## Problem details:
Every line of the listing below from the one with "Baby Skeleton Silhouette" up to and including the one with "Personalized Rose Gold" should be retyped exactly, and nothing else; pictures are not part of the copy.

## Entries supplied:
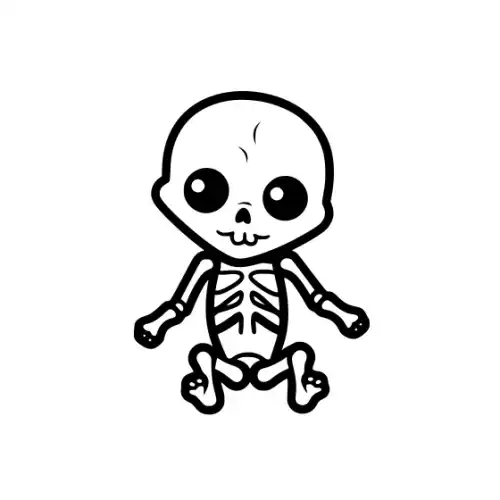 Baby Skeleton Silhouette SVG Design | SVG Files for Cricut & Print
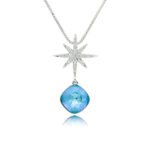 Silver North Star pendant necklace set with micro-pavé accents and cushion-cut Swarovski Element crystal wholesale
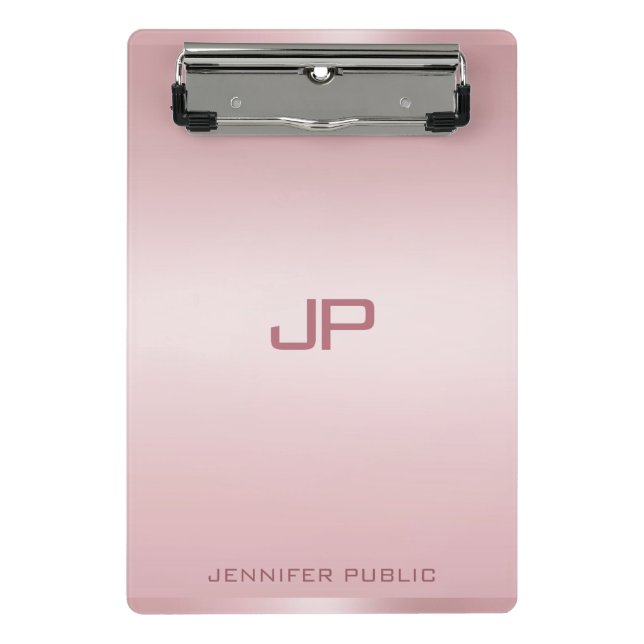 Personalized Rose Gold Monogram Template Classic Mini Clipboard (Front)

==

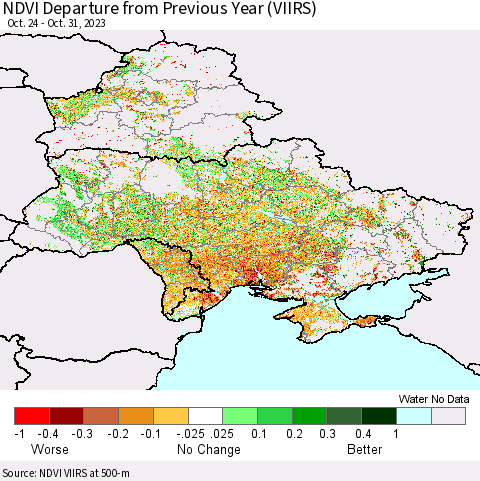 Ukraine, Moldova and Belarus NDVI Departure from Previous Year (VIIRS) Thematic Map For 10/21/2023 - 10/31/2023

## Solution to the exercise:
 Baby Skeleton Silhouette SVG Design | SVG Files for Cricut & Print
 Silver North Star pendant necklace set with micro-pavé accents and cushion-cut Swarovski Element crystal wholesale
 Personalized Rose Gold Monogram Template Classic Mini Clipboard (Front)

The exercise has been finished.